Собрание сочинений. Т. 2.Тугой узел. За бегущим днем - Тендряков Владимир Федорович 12 стр.


Председательствующий объявил:

— Слово предоставляется секретарю Коршуновского райкома партии товарищу Мансурову!

Павел поднялся и по узкому проходу, устланному мягкой ковровой дорожкой, пошел своим легким напористым шагом к трибуне. В одном из рядов крайний к проходу человек в овчинной душегрейке, с костистым волевым лицом, то ли колхозный председатель, то ли низовой зоотехник, повернувшись к соседу, произнес:

— А ну-ка, ну-ка, на что этот решится?

Павел слышал эти слова.

Из-за стола президиума встречал Павла подбадривающей улыбкой Курганов. Весь вид его — вскинутая голова, прямой приветливый взгляд — выражал уверенное ожидание: этот скажет, не подведет, еще и удивить может.

И Павел почувствовал, что твердое решение — не зарываться, не обещать ничего — он не сумел донести целиком до трибуны. На секунду он растерялся, молчал, собираясь с мыслями, глядел в зал. А из освещенной глубины зала, мельчась, утопая в ней, уставились сотни лиц, напряженно глядевших в упор.

Тишина своей настороженностью властно требовала: говори, слушаем, чем удивишь? И в этой тишине, в терпении людей чувствуется уважение. Сами того не желая, люди как бы приказывают ему говорить то, против чего минуту назад Павла предостерегал здравый смысл. Нет сил им не подчиниться, вызвать разочарование — невозможно!

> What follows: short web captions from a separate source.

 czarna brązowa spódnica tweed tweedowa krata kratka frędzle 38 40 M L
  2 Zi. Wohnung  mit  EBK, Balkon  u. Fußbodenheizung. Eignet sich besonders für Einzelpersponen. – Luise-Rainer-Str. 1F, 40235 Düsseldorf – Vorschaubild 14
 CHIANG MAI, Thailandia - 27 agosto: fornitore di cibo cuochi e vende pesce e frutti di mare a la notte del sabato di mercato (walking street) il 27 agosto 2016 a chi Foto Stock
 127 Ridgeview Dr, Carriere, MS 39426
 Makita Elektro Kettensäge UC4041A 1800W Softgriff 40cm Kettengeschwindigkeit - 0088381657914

Павел со спокойным достоинством бросил привычное:

— Товарищи!

Не спеша заговорил о том же, что и шумаковский секретарь: сегодняшнее совещание обязано разрешить один из самых больных вопросов — племенной скот облагородит местные породы, подымет продуктивность…

Он заговорил и со страхом отмечал про себя: напряжение в зале падает, тишина, вначале чистая, прозрачная, словно замутилась сейчас. Слышалось шевеление в рядах, осторожное покашливание. И казалось, что вот-вот из-за стола президиума, от секретаря обкома, донесется требовательное: «А конкретно!»

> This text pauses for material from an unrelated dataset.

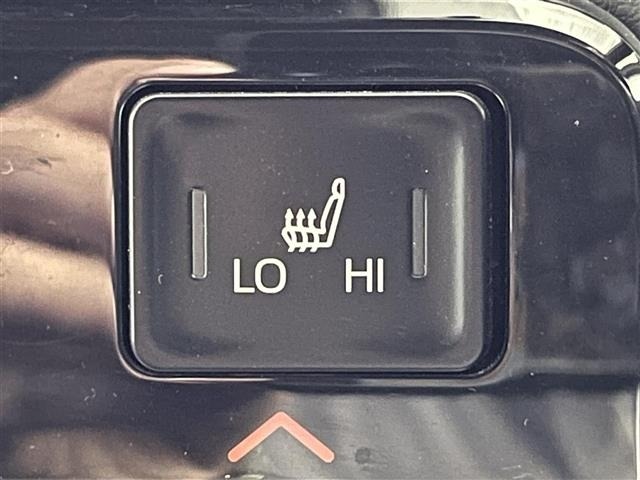 Toyota NOAH 2022 7896071-12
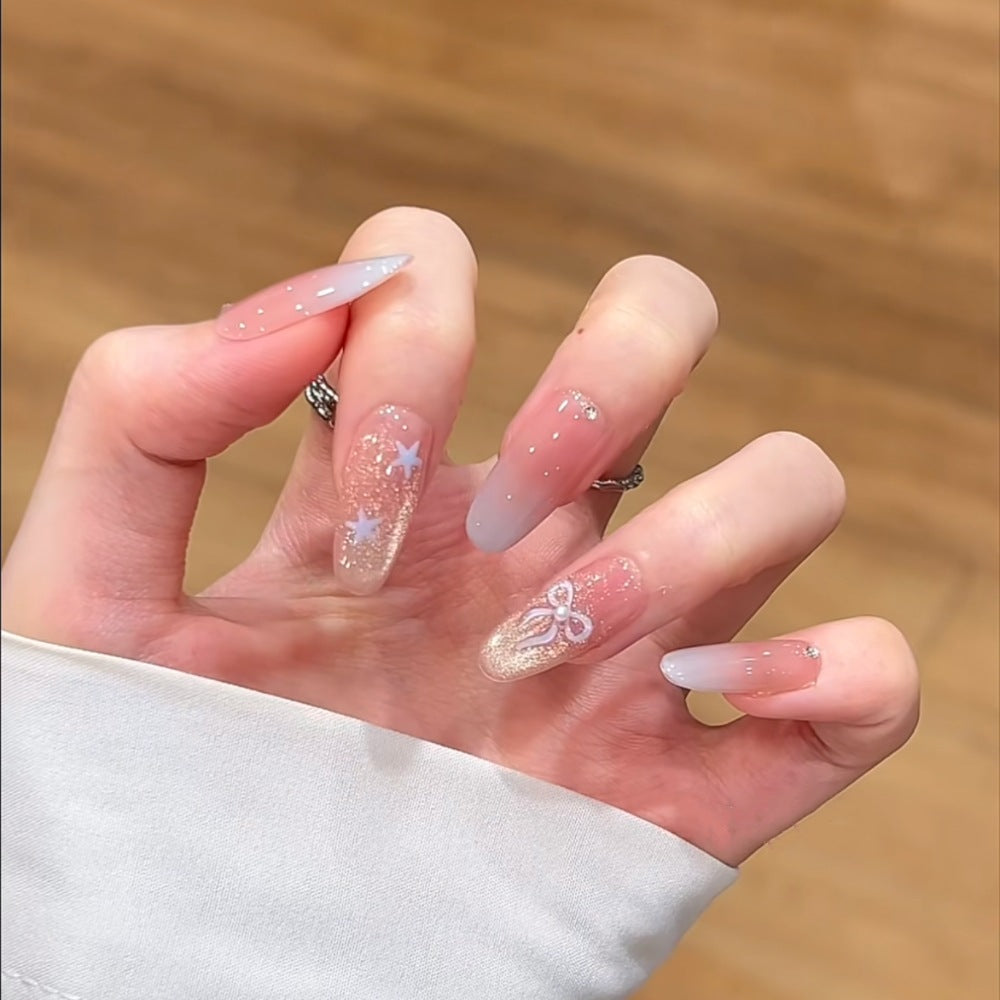 Artistic Press-On Nail Set with Star Design Stornfield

Павел вдруг почувствовал отвращение к своему бесцветному, вялому голосу. Нет, он не шумаковский секретарь, он Мансуров!

Резко, как от удара, он распрямился, вскинул голову, облитый светом театральных рефлекторов, юношески подобранный, смуглое, широкоскулое лицо как бы вспыхнуло решительностью, голос стал звучным, упругим, властным:

— Мы сидим в болоте и мечтаем, как бы взобраться на гору! Нам пришли на помощь, нам спустили лестницу, а мы мнемся, раздумываем — ступить на нее или не ступить? Мы боимся, что сорвемся. Из-за этой боязни чуть ли не готовы отказаться от своего спасения!

Зал снова зашумел, но как отличен был этот новый шум от прежнего равнодушного шороха и покашливания. Бесконечные ряды утопающих в полутьме лиц, кажется, приближались, стягивались на горячие слова Павла Мансурова.

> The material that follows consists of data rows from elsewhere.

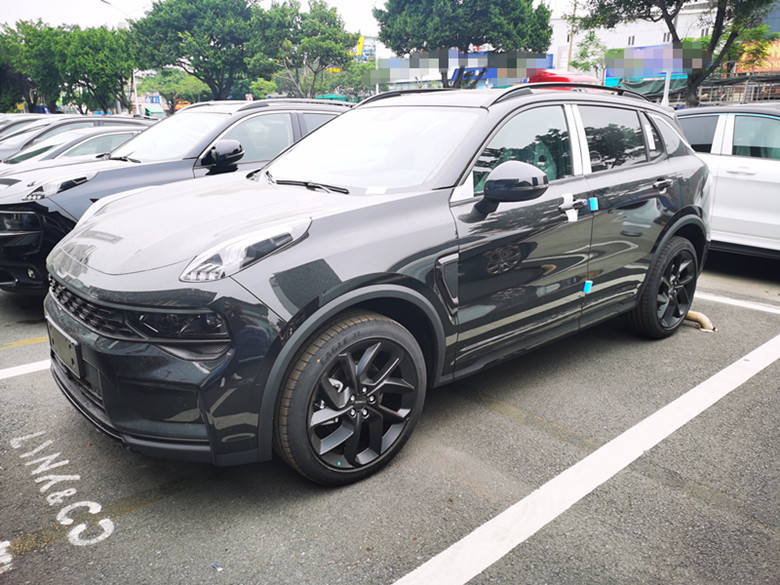 新款领克01到店,"黑武士"外观更显运动,压榨254马力配爱信8at_腾讯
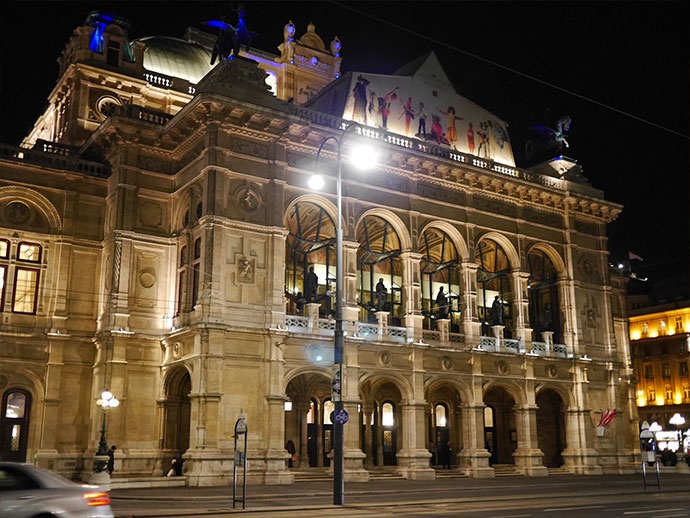 夜のウィーン国立歌劇場 @Wiener Staatsoper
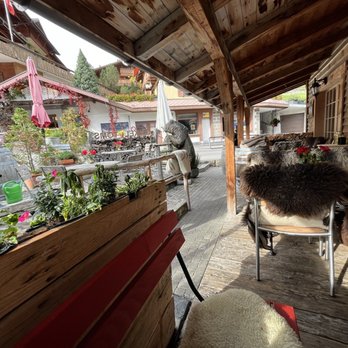 Onkel Tom's Hütte - Patio seating - Pizza Near Me - Grindelwald, BE Onkel Tom's Hütte - Patio seating - Pizza Near Me - Grindelwald, BE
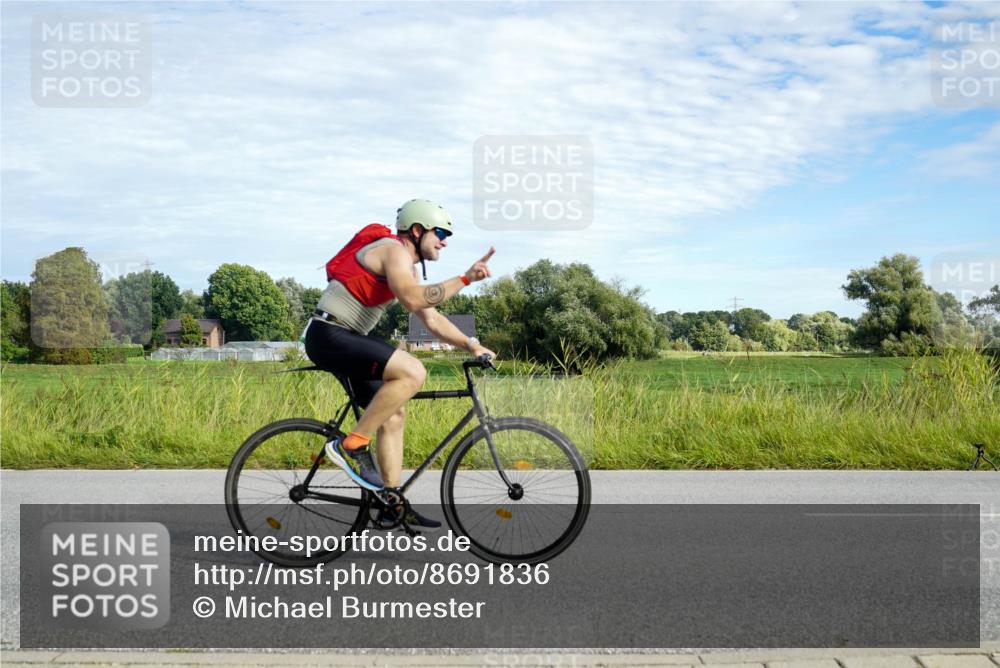 31.08.2025 - Elbe Triathlon Hamburg Michael Burmester http://msf.ph/oto/8691836 31.08.2025 10:16:39 Radfahren 562, 622, 896, 908 meine-sportfotos.de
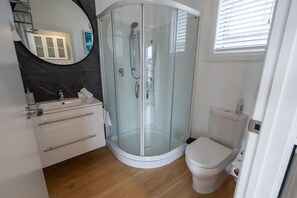 ヘアドライヤー、タオル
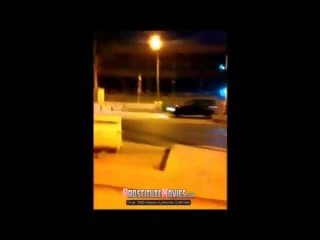 騎自行車的人 speaks 同 妓女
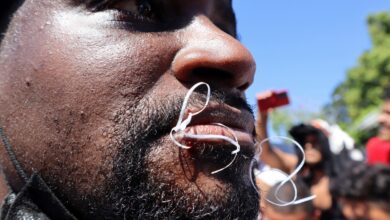 Migrantes se cosen la boca para exigir libre tránsito en México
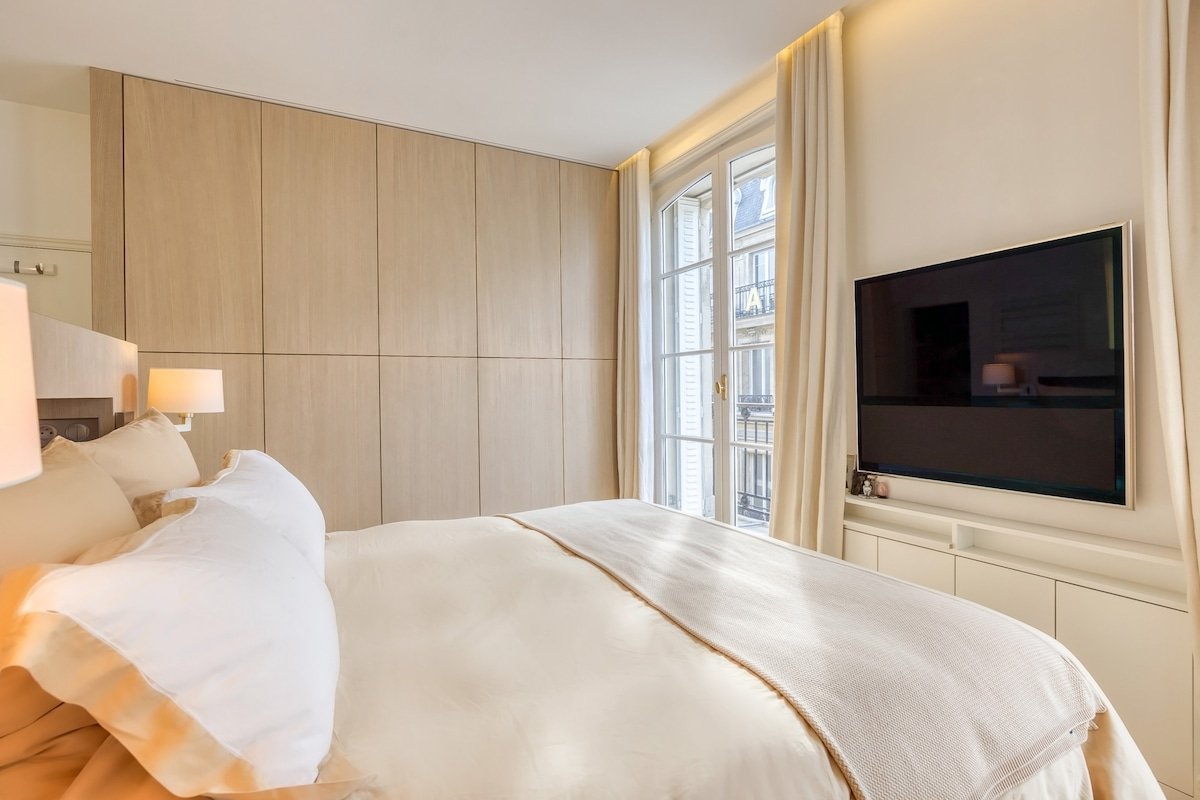 Saint Michel elegant flat 3 BR gallery image 3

А Павел, чем больше говорил, тем отчетливее понимал — произнести незначительные цифры ему нельзя.

Он назвал цифру — пятьсот голов, и зал доброжелательно прошумел аплодисментами.

После заседания около театрального гардероба нет чинного порядка — толкучка, все торопятся. Многих ждут машины, на ночь глядя надо ехать километров пятьдесят — шестьдесят в свои районы. Рослый мужчина в бараньей душегрейке набрал целую охапку пальто и плащей, протискивался в угол:

— Налетай! Могу продать вместе с хозяевами!

В этой толкучке к Павлу, уже надевшему свой плащ, подошел Курганов. Был он невысок, держался прямо, движения живые и резкие. Он крепко пожал Павлу руку, заговорил:

— Хватил — не постеснялся. Смело действуешь. Что ж, на широкие плечи и тяжелый куль. Но будем требовать, чтоб весь скот прижился. Ни одной твоей жалобы, ни единой слезинки не примем во внимание. Помни!

Тон был полушутливый, голос бодрый, но Павел уловил в словах секретаря обкома жестковатое предупреждение и понял, что отступить от своих слов ему не дадут.

Он ответил также полушутливо и бодро:

— Не обещаю, Алексей Владимирович, может, и придется в чем-нибудь поплакать в жилетку.

Федосий Мургин слышал этот разговор и, после того как Курганов отошел, проворчал, пряча недружелюбный взгляд от Павла:

— Кому плакать, так это нашему брату…

Павел оборвал его холодно, едва сдерживая раздражение:

— Только уволь, раньше времени не плачь… Почему Гмызин не собирается плакать, а ведь у тебя стаж колхозного руководителя побольше, чем у него!

Стоявший в стороне, уже одетый, Игнат Егорович промолчал.

6

Выписывая петли по лугам, течет речка Шора. Летом она вся, как в шубный рукав, упрятана в густые кусты ивняка.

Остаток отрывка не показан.